Algorithms and Analysis

Bart Massey

What is an algorithm?

  • Instructions for solving a problem

  • "Mechanical": do not require special reasoning

  • Things to worry about:

    • Can it be executed? (c.f. Kelly-Bootle's Algorithm)
    • Will it finish?
    • How long will it take?
    • Will it produce a "right answer"?

Instances, Problems

  • In CS, a "problem" is a collection of related "instances"

  • Problem descriptions are in a special format

  • Example: POSITIVE INTEGER PRODUCT

    Instance: Positive integers m and n

    Find: The product m × n

  • Note that 6×5 is an instance of POSITIVE INTEGER PRODUCT

Classes

  • In CS, a "class" is a collection of problems

    • Example: The class of "arithmetic problems"
  • While there's lots of ways to classify (collect) problems, one is special: performance

  • We will talk more about analysis in a bit

Algorithms solve instances

  • In CS, an "algorithm" is a set of detailed, organized steps for solving all instances of a problem

  • Algorithms are always described by "pseudocode" — instructions for what things to do in what order

  • Example: MULTIPLICATION BY ITERATED ADDITION

    To multiply positive integers m and n:
      p ← 0
      repeat m times
        p ← p + n
      return p

Algorithms take time and use resources

  • For a computing algorithm

    • Time is usually measured in clock cycles
    • The usual resource is memory, measured in bits
  • Questions about MULTIPLICATION BY ITERATED ADDITION:

    • Will it always complete? (yes)
    • How much storage does it take? (one integer's worth)
    • How long does it take? (m cycles…maybe?)
    • Does it produce a "right answer"? (yes, but needs proof)
  • Uses lg m + lg n bits of storage. We write the number of bits needed to represent an integer m as |m|.

  • Takes m steps to complete: maybe m + |n| when large addition costs are taken into account.

The Church-Turing Theses

  • Alonzo Church: Pioneer of mathematics of algorithms, pre-computer

  • Alan Turing: Pioneer of computing

  • Weak Church-Turing Thesis: The class of problems computable on a Turing Machine is the class of problems computable on any other physical computer

  • Strong Church-Turing Thesis: The class of problems tractably computable…

Measuring performance

  1. Decide what operations to count, and for how much

  2. For a given instance, run (notionally) the pseudocode and compute the cost

Problem: How to count instances

  • For a given algorithm each instance of the problem it solves likely takes a different amount of time

  • Can't really report performance on all possible instances: need a statistic

  • Obvious statistics don't work: for example, MBIA has an infinite number of arbitrarily large instances, so the mean over all instances is infinity

Approximation: Group instances by input size

  • For MBIA, the input size is |m| + |n|

  • Note that MBIA runs in same time for any given |m|, within a factor of two.
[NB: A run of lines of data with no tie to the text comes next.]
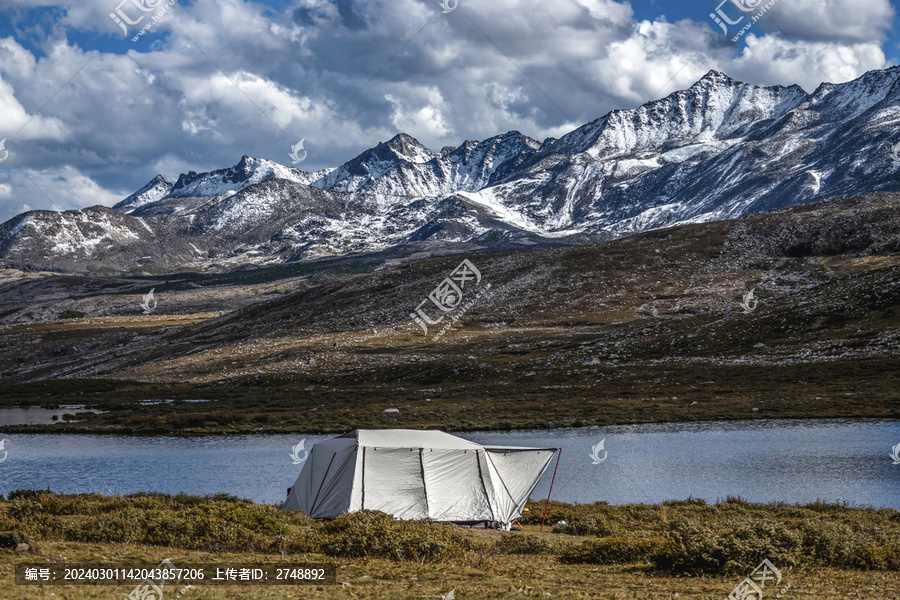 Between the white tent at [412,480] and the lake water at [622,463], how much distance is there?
8826 millimetres

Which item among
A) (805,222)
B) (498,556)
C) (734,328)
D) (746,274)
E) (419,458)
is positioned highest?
(805,222)

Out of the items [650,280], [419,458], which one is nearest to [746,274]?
[650,280]

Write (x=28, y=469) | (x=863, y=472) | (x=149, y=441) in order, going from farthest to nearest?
(x=149, y=441), (x=28, y=469), (x=863, y=472)

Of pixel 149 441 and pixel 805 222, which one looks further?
pixel 805 222

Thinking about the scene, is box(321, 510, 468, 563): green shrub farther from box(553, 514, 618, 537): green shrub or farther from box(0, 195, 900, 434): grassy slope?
box(0, 195, 900, 434): grassy slope

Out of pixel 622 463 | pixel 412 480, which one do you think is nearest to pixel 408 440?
pixel 412 480

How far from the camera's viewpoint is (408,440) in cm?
3238

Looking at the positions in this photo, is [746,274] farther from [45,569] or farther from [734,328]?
[45,569]

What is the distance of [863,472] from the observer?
1628 inches

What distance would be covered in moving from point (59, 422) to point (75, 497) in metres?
46.1

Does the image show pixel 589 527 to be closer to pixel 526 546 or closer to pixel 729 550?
pixel 526 546

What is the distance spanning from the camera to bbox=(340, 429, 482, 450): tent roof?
31.5 meters

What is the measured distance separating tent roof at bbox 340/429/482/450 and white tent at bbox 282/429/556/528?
4 centimetres

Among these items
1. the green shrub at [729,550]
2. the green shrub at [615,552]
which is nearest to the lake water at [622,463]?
the green shrub at [615,552] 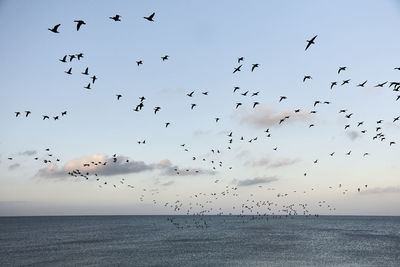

  • Report "asymptotic" runtime as function of |m|.

Approximation: Don't worry about small inputs

  • For MBIA, cost of initialization of p is boring as m gets large: leave it out of cost function

Approximation: Don't worry about constants

  • For MBIA, ignore that factor of two. Report the runtime as O(|m|)

  • "Big-O" notation is formalizable. We'll talk about the details next lecture.

Approximation: Use a statistic to combine instances

  • Can take the maximum, minimum, or average runtime over all instances of given input sizes. For MBIA they are all the same, but…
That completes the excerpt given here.